Get to know anxiety: Obsessive compulsive

I went away to uni, I was away from home and I started to become very worried about things like door knobs, and stoves, and power points, then also even walking around in public. I was obsessed with the thought that I would harm someone, inadvertently, it would be accidentally, obviously.

And to relieve the anxiety that I felt about that, I started a checking process where I would check the door handle a number of times to check that it was locked before I could walk away. If I didn't do that checking process, the anxiety would obviously get worse and become heightened. At the time I didn't really understand what was going on. I was hiding the fact that I was constantly in a very worried kind of anxious state.

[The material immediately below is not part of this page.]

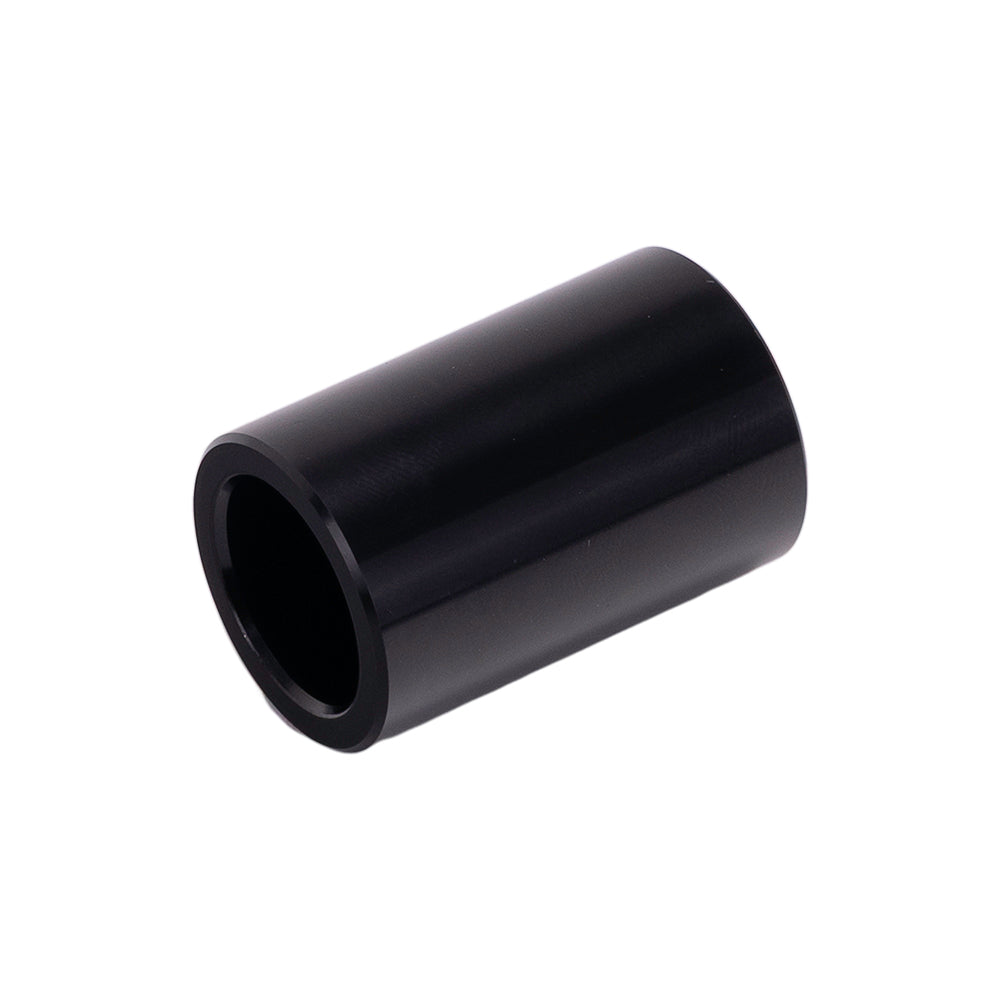 OG Billet Shift Lever Spacer for Harley-Davidson Touring Models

I think I let it kind of take over. It got to a point where I got very depressed and I also seemed to kind of rely on alcohol to a certain extent to calm myself down or stop myself thinking. My mother, she kind of stepped in. She travelled to where I was and we went to the Anxiety Clinic which is in Sydney and the doctor told me he thought I was possibly was experiencing OCD, or definitely. And that was it.

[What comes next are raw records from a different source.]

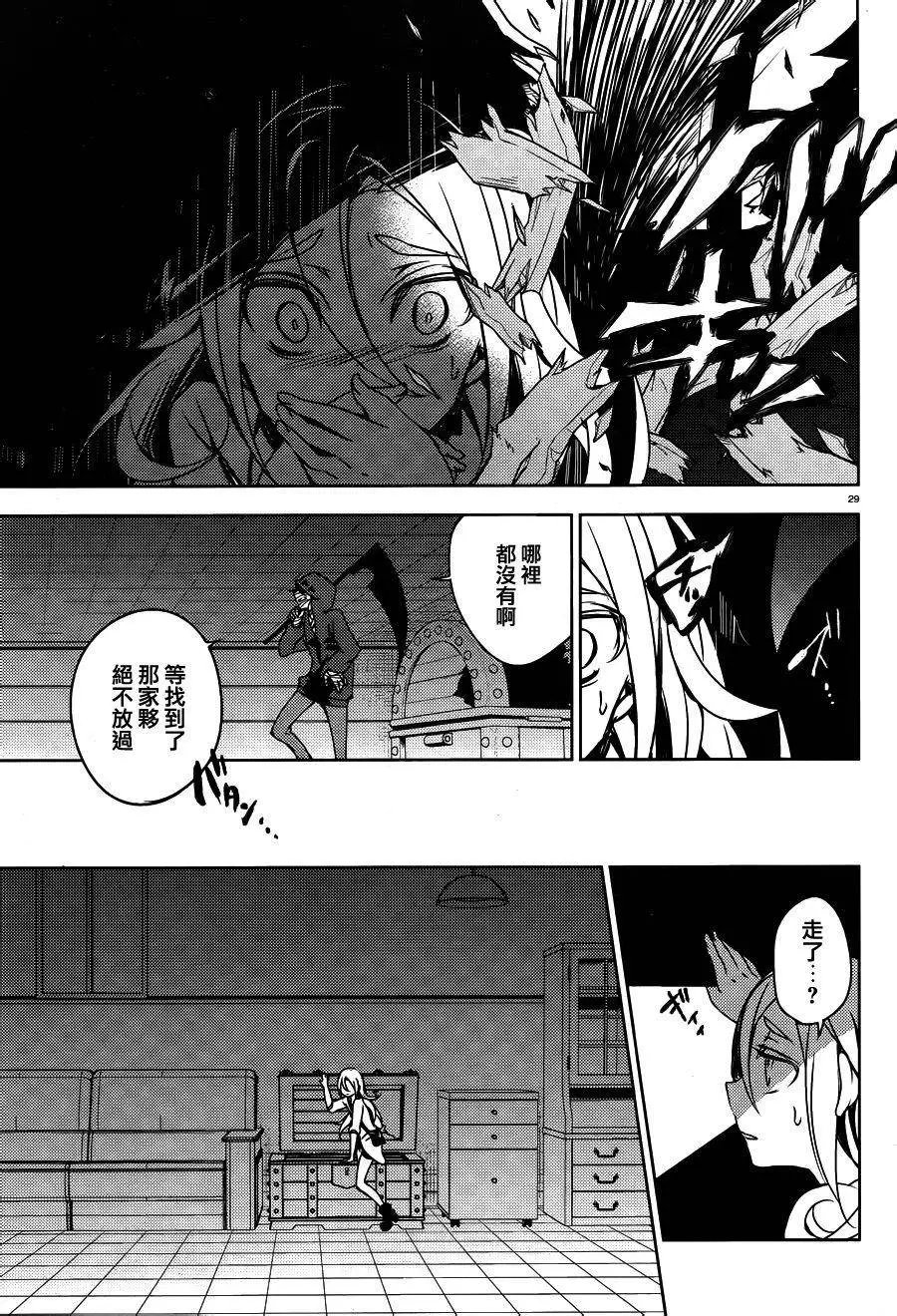 第01回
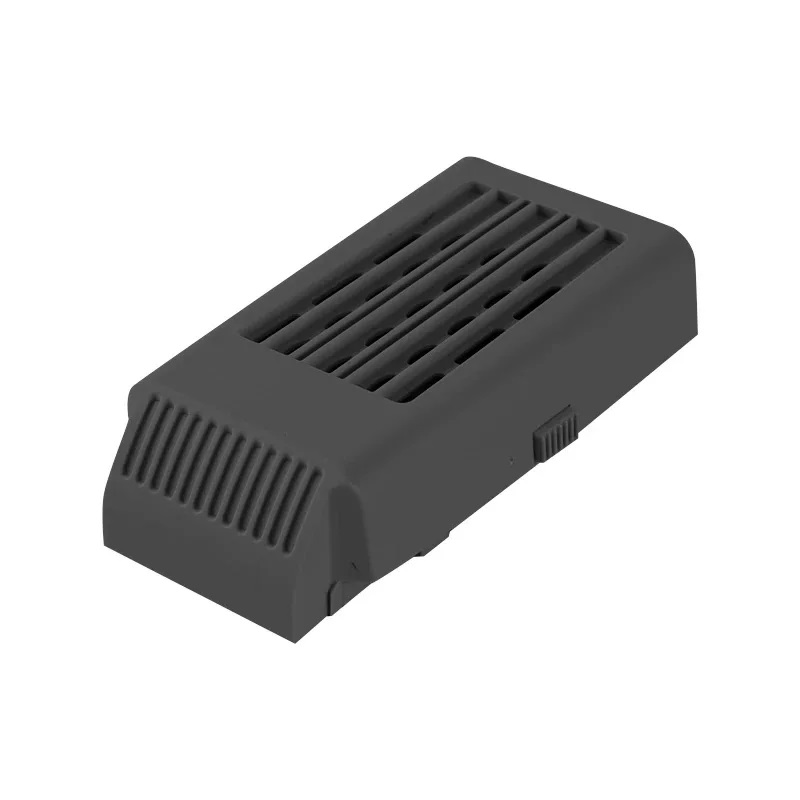 L900 Pro GPS Drone 4K Drone Ba - Drone Gps Module reseña y precio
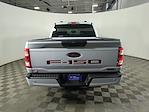 2021 Ford F-150 SuperCrew Cab 4WD Pickup for sale #G15551A - photo 5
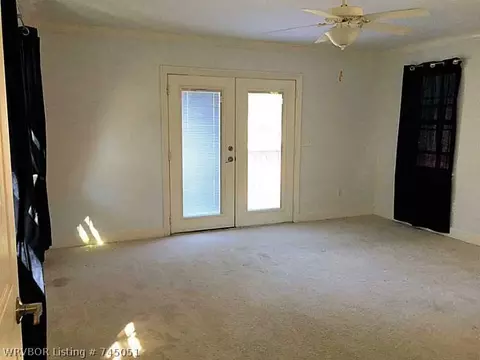 2405 S S St, Fort Smith, AR 72901 photo 15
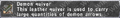 Thumbnail for version as of 22:32, 29 August 2026
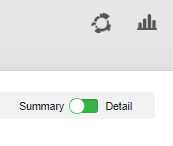 roll_up_toggle.PNG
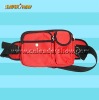 waist bag LSBAG-496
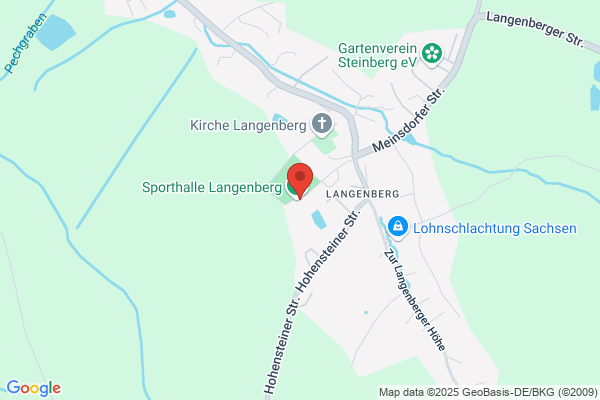Grundschule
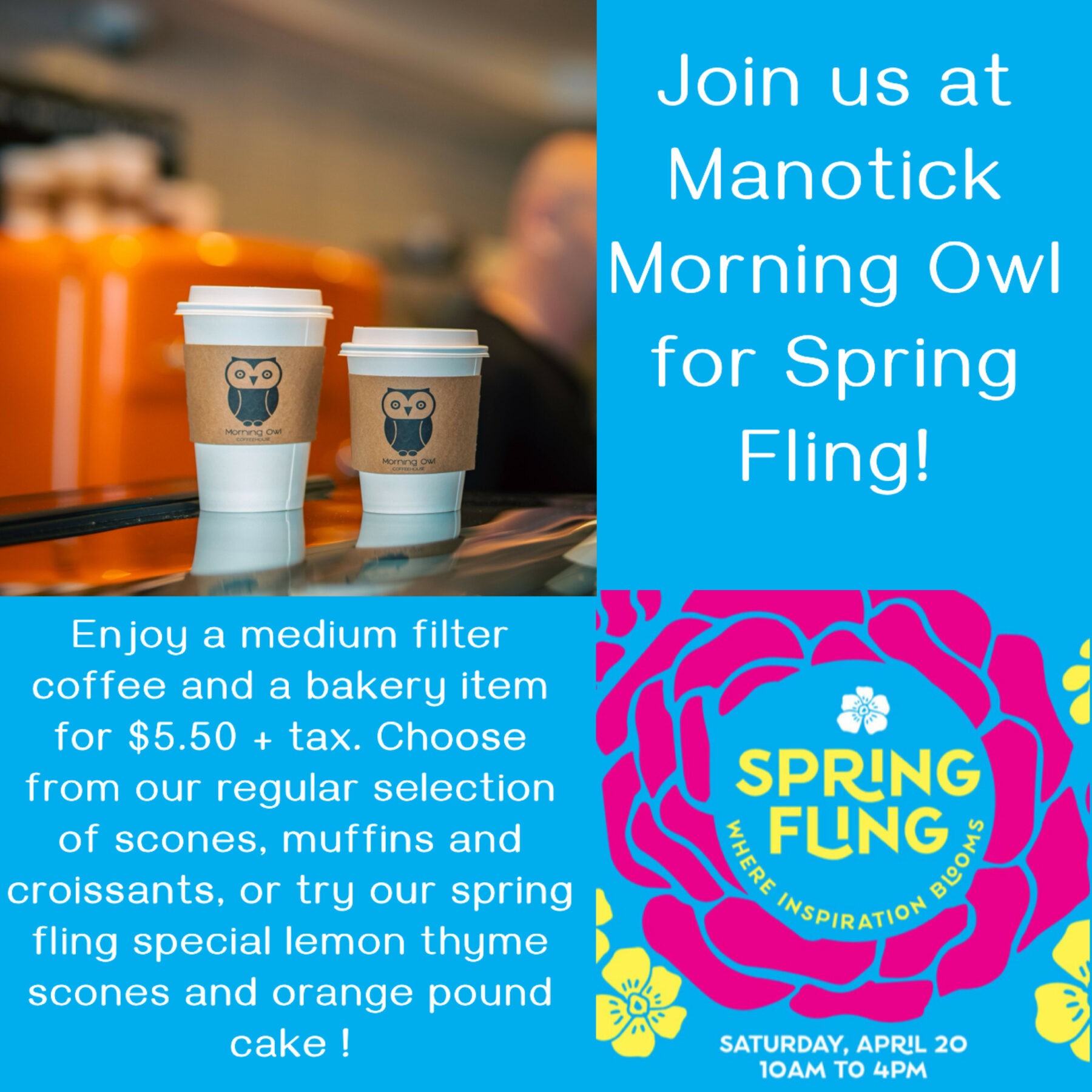 morning-owl-spring-fling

That was the first time I actually knew what it was and that actually, there was a name for it. I started out with CBT, so Cognitive Behaviour Therapy, which at that stage entailed a lot of exposure therapy. So, I was required to do a lot of homework and expose myself to the things that I was scared of that really made me feel anxious.

I'd say if you think you have OCD, and you know when you've got it, you do know, I think the best thing you can do is you have to seek out help and you can either go to your GP or talk to someone who you respect and will take you seriously.

It's really important that the sooner you get help, the sooner you can start breaking down those rituals and stopping that whole cycle. Today, I'm back driving, and I can run across the street, and I've got my freedom back and my life back. I just wish maybe I hadn't waited so long to get help.